Dinamika Politik atau Kehendak Konstitusi?
Perubahan sikap MK yang dramatis menimbulkan dugaan kuat bahwa Mahkamah Konstitusi tidak lagi steril dari arus besar politik elektoral. Putusan MK dalam berbagai perkara pemilu tampaknya lebih banyak dipengaruhi oleh konteks pragmatis ketimbang pertimbangan konstitusional yang stabil. Dalam filsafat Yunani, Nomos (aturan) seharusnya berdiri tegak, bukan menjadi kaleidoskop yang berubah-ubah mengikuti bayangan politik sesaat. Inkonsistensi ini mengikis vertrouwen (kepercayaan) publik terhadap integritas MK sebagai the guardian of the constitution.
Lebih mengkhawatirkan lagi, perubahan sikap MK dalam perkara pemilu kerap tidak diikuti oleh rechtsontwikkeling (pengembangan hukum) yang memadai dalam sistem perundang-undangan. MK membangun loncatan putusan yang memaksa perubahan sistemik tanpa menyediakan cukup ruang bagi pembentuk undang-undang untuk merespons secara terencana. Ini bukan sekadar rechtsverandering (perubahan hukum), melainkan sebuah juridische chaos (kekacauan hukum).
Judicial Inconsistency: Sebuah Bahaya Konstitusional
Kerapuhan Mahkamah Konstitusi dalam menjaga konsistensi putusan pada akhirnya menimbulkan bahaya laten bagi bangunan Hukum Tata Negara Indonesia. Putusan-putusan yang saling bertentangan dalam tempo singkat menimbulkan rechtsverwarring (kebingungan hukum) bagi penyelenggara pemilu, peserta, dan rakyat sebagai pemilih.
Bukankah Mahkamah Konstitusi harus menjadi nomophylax (penjaga hukum) yang konsisten dan memberikan arah? Jika MK terjebak dalam pola seperti ini, Mahkamah justru terkesan sebagai arena politieke simulatie (panggung simulasi politik) yang kehilangan kemuliaan akademiknya. Alih-alih menjadi pilar keadilan konstitusional, Mahkamah Konstitusi kini menghadapi risiko menjadi politieke gereedschap (alat politik) yang terselubung di balik jubah hukum. Inkonsistensi ini menurunkan auctoritas (kewibawaan) lembaga dan mengancam rechtsbestendigheid (ketahanan hukum) dalam jangka panjang.
Mahkamah Konstitusi harus melakukan refleksi mendalam atas perannya.
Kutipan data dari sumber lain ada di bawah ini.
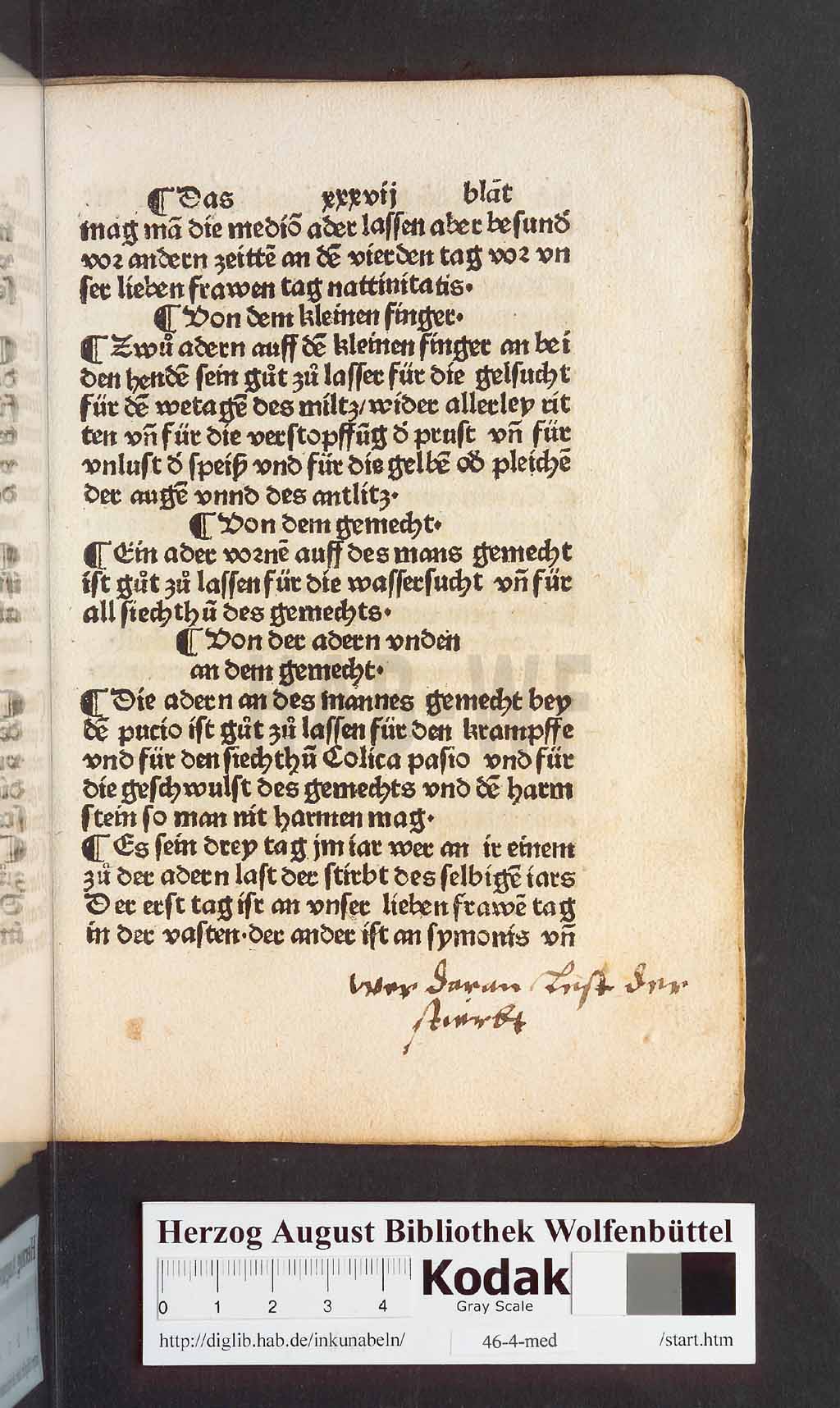 http://diglib.hab.de/inkunabeln/46-4-med/00075.jpg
Putusan tentang pemisahan pemilu adalah momentum penting, tetapi lebih dari itu, MK harus menjaga integritas garis tafsirnya. Jangan sampai MK dipersepsikan sebagai lembaga yang putusannya berganti sesuai cuaca politik.
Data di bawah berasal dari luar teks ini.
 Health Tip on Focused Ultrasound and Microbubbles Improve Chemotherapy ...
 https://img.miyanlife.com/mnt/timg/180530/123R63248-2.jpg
Hakim Konstitusi seharusnya memeluk logos (rasionalitas hukum) dan menjauhkan diri dari pathos (emosi politik). Jika Mahkamah terus terombang-ambing tanpa konsistensi, patut ditanyakan, masihkah Mahkamah Konstitusi menjadi benteng keadilan konstitusional, atau telah menjadi pemain dalam panggung politik yang penuh sandiwara? (Dr Benediktus Hestu Cipto Handoyo SH MH, Dosen Fakultas Hukum UAJY)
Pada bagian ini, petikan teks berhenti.